Erkende Yogatherapeut

Walking meditation

Walking meditation is such a treat. I recall when I first heard about it, I was wondering what it was all about: meditation should be done in a seated position in stillness I thought…? How could you walk and meditate at the same time?  

But then I realized that you can actually perfectly meditate while moving. In very simple terms meditation is channeling your mind towards a purposeful, relaxed focus. This relaxed focus can be your breath, the space around you, your physical sensations, the state of your mind and observing how your thoughts drift by, or it can also be a visualization of some sort. Sitting still for long (particularly in a crossed legged or lotus pose) is anyway not healthy at all for anyone. Moving while meditating is perfectly fine, and it is actually what yoga on the mat (i.e. hatha yoga and any other form of physical yoga, such as vinyasa, ashtanga, yin, etc.) is also about. Yoga is a type of meditation, while you do the yoga poses and breathing exercises you shed the flashlight of your attention on your body, your sensations in the different body parts, your balance, your gaze… A true union between body and mind in a way which is genuinely easier than silent meditation in a sitting position. When you invite your body to take part in the meditation, it just becomes much easier because the mind has something more tangible to focus on. 
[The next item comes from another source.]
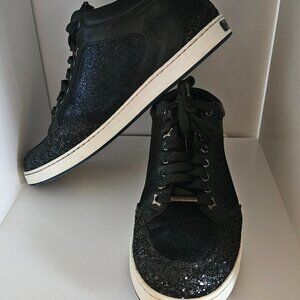 Jimmy Choo Miami Fine Glitter Black Trainers : size 38 1/2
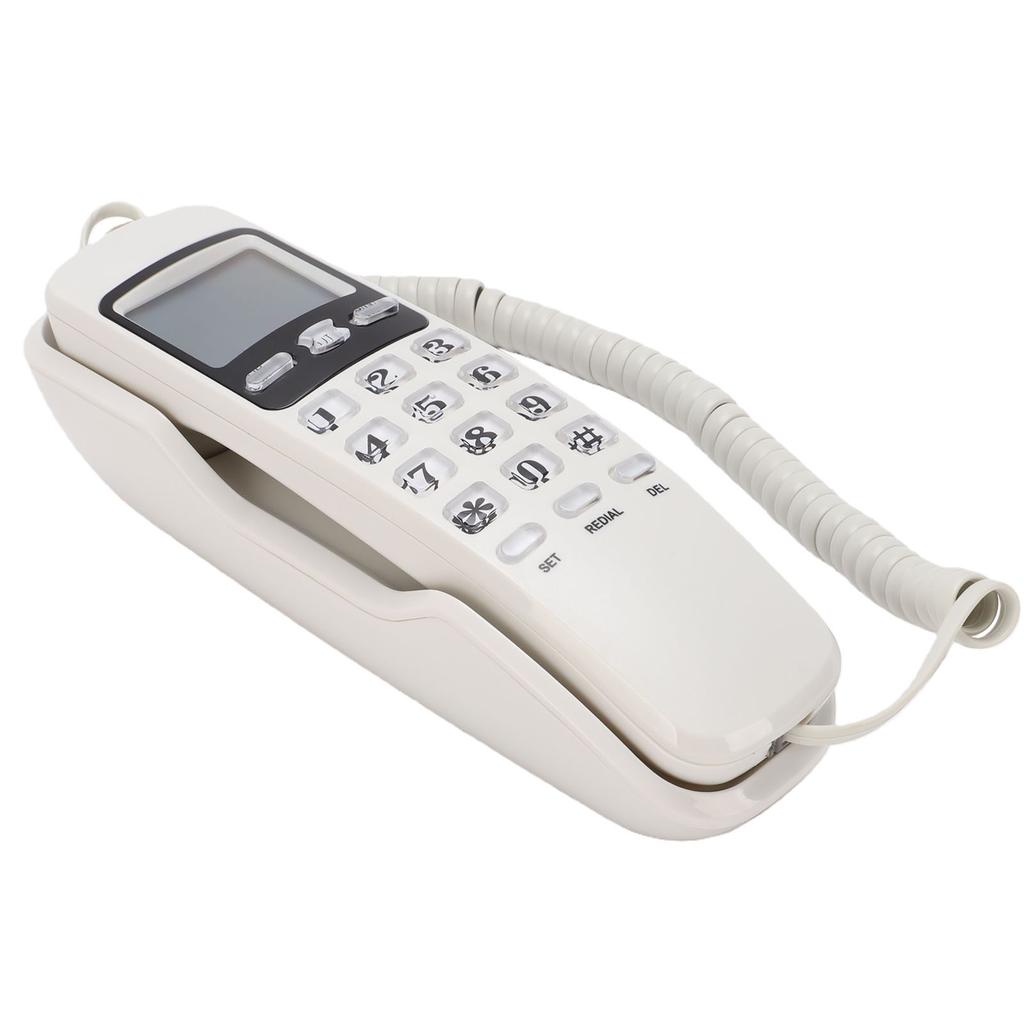 Telefone Básico com Fio Montável na Parede Estilo Retrô Fino Telefone Fixo de Parede com Suporte DTMF para Identificador de Chamadas Portátil para Casa Hotel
The concept of walking meditation is really simple: as you walk – ideally somewhere in nature, in a peaceful setting, allow yourself to focus on the sounds around you for a couple of minutes, then if you wish, you can rotate focus to the smells and texture of the air you breathe in, the temperature, e.g. feeling the warmth of the sun on your back, the breeze on your skin, then you can focus on what you see around you, and you can also move your attention inward to how you roll every step you make, and how you make contact with the earth as you do so. You can choose to stay with a certain focus for a longer time if you want, or you can rotate every few minutes. Initially it’s good to just do a few minutes, but as you train your mind to focus, you can lengthen it, and say just observe rolling your feet for half an hour or so. Feel free to experiment what works for you, it’s very individual. I sometimes find that people who are high-sensitive find more inner quiet by focusing inward. You will probably also experience that initially your thoughts distract you quite often. If this happens, no worries, it’s entirely natural, your mind is not used to being asked to just stay focusing on the present moment, so it’s rebelling. “Start to meditate” is really like a start to run, it takes practice. Just observe your thoughts as they come, and gently let them drift by with the breeze, bringing your attention back every time to your centre of attention. 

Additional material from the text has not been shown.